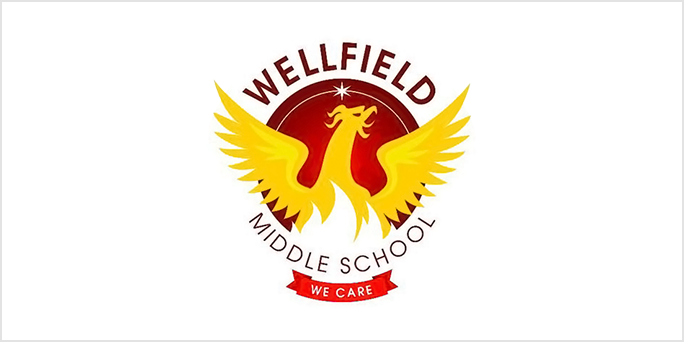 Developing a modern IT workflow and Wellfield Middle School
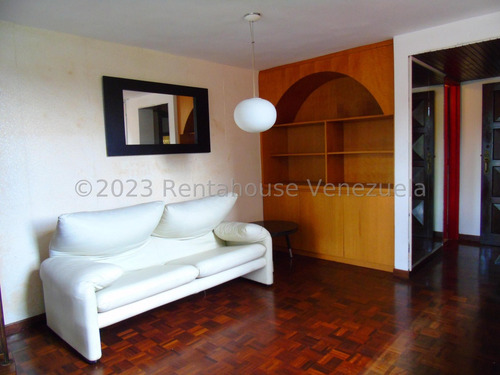 Venta Apartamento Lomas Del Mirador Yf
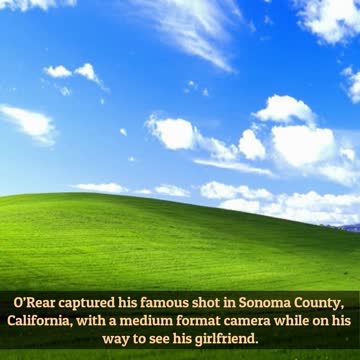 Lufthansa Photographer Hired To Shoot Windows Wallpaper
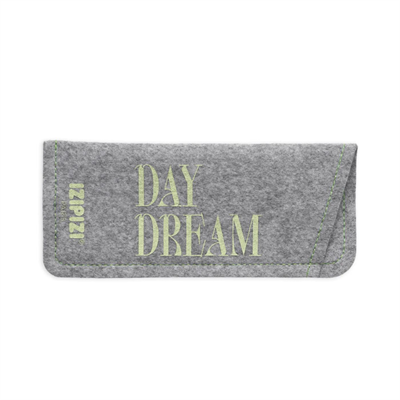 İzipizi Yetişkin Güneş Gözlüğü #C - Quiet Green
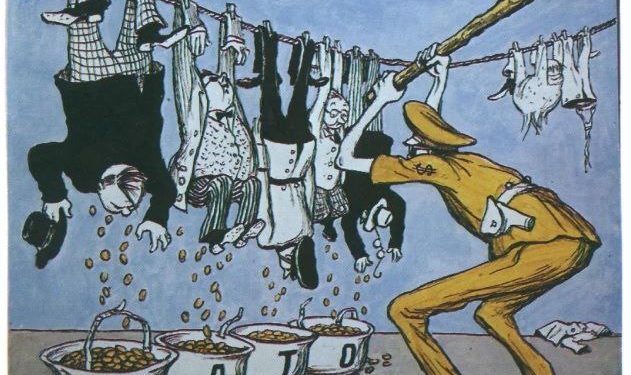 EE.UU.¿Un secreto a voces?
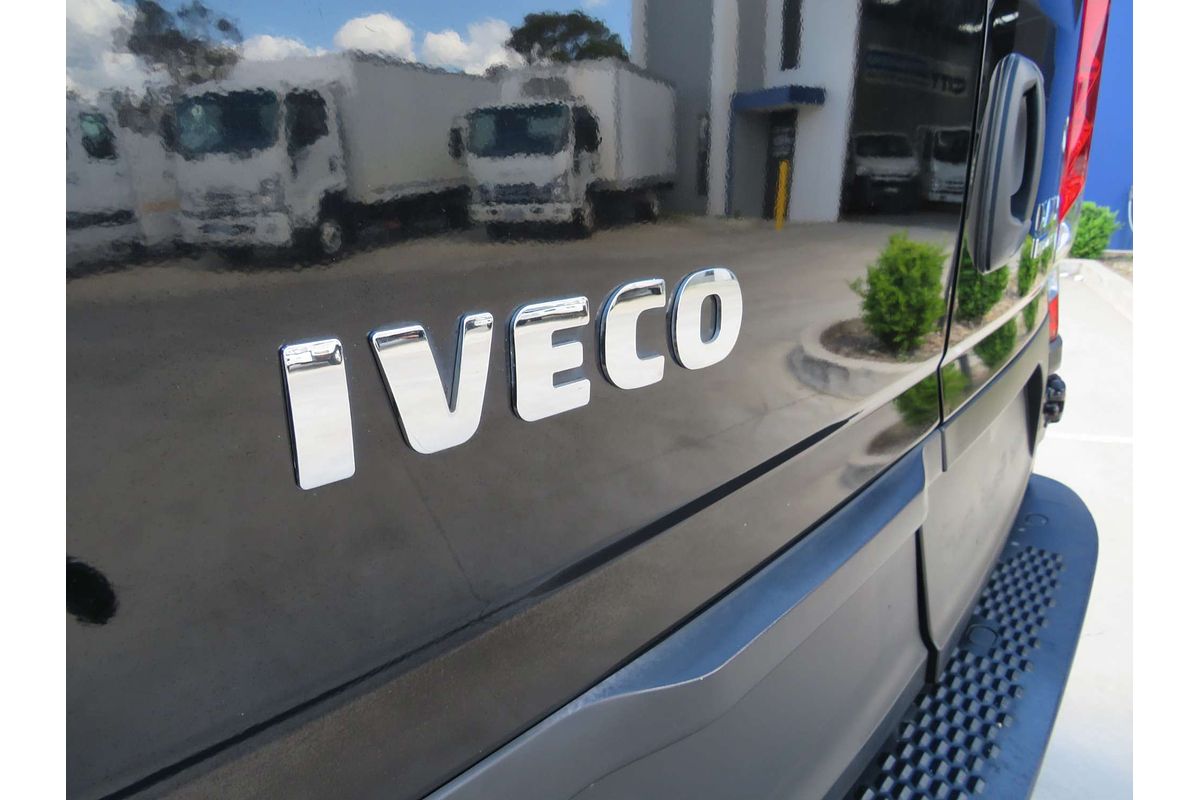 2018 Iveco Daily 50C17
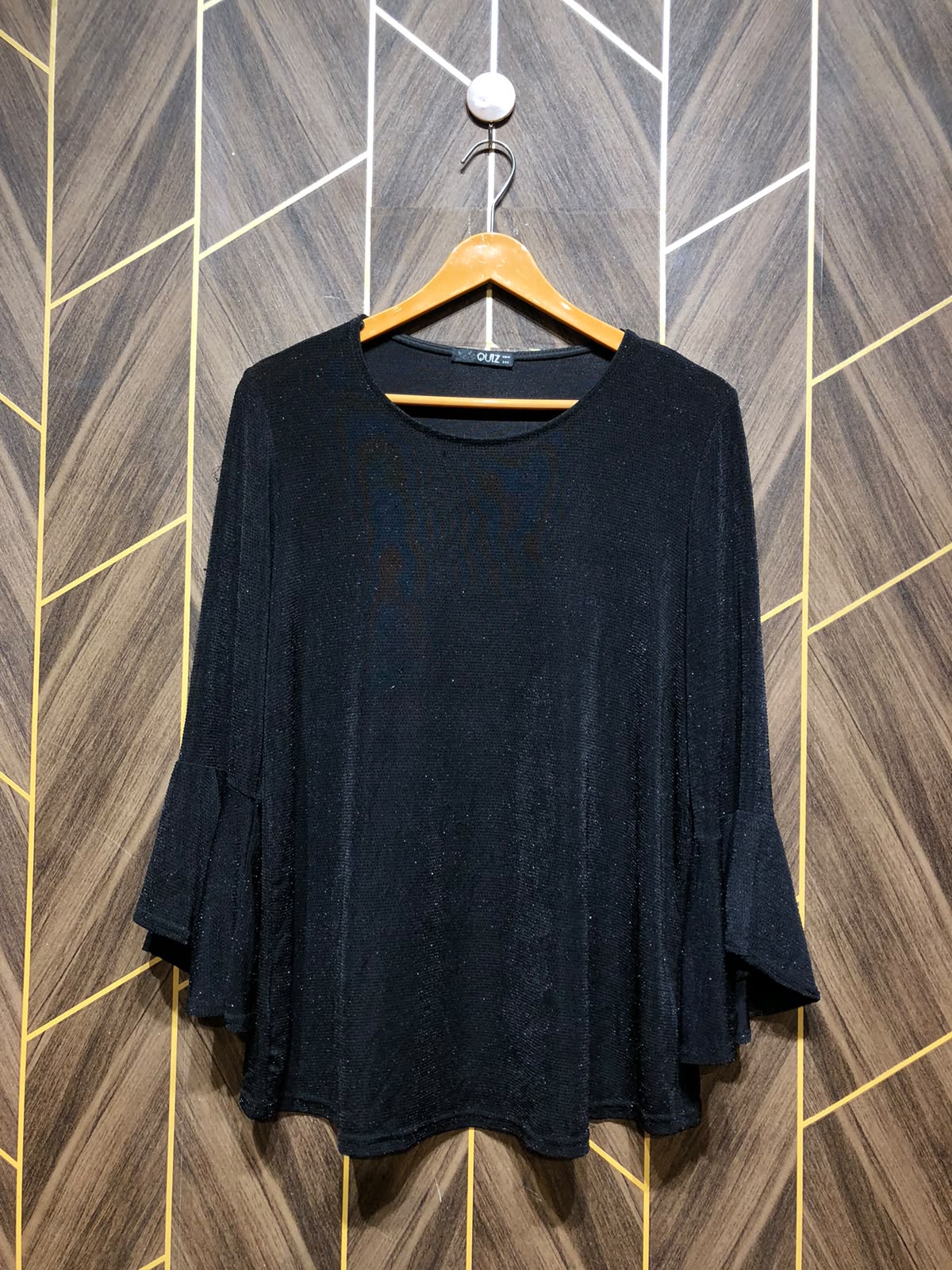 women top jersey chest 21 length 27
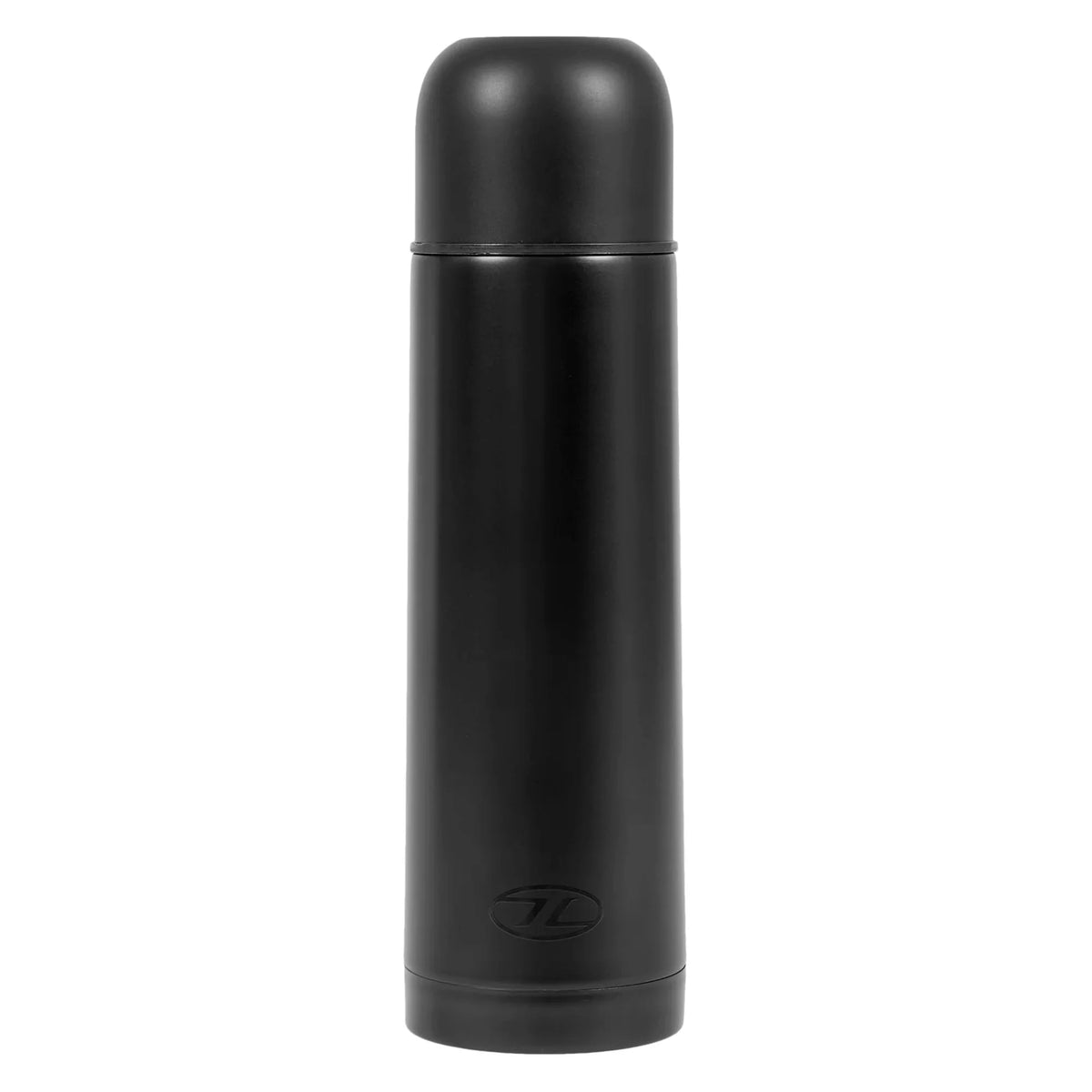 Highlander - Termoflaske 500ml // Sort-1-XtraGrej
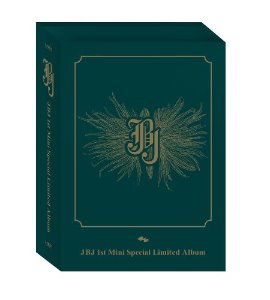 [개봉] 제이비제이 (JBJ) / 미니앨범 1집 : Special Limited Album (구성품모두 포함)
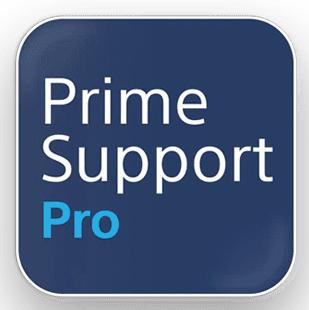 SONY PrimeSupport Pro for FWD-50X80L+2yrs (PSP.FWD50X80L.PO2)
####################
_Problem requirements_.
Pictures are to be left out; the rest of the listing should be printed exactly.

_Exercise output_.
 Developing a modern IT workflow and Wellfield Middle School
 Venta Apartamento Lomas Del Mirador Yf
 Lufthansa Photographer Hired To Shoot Windows Wallpaper
 İzipizi Yetişkin Güneş Gözlüğü #C - Quiet Green
 EE.UU.¿Un secreto a voces?
 2018 Iveco Daily 50C17
 women top jersey chest 21 length 27
 Highlander - Termoflaske 500ml // Sort-1-XtraGrej
 [개봉] 제이비제이 (JBJ) / 미니앨범 1집 : Special Limited Album (구성품모두 포함)
 SONY PrimeSupport Pro for FWD-50X80L+2yrs (PSP.FWD50X80L.PO2)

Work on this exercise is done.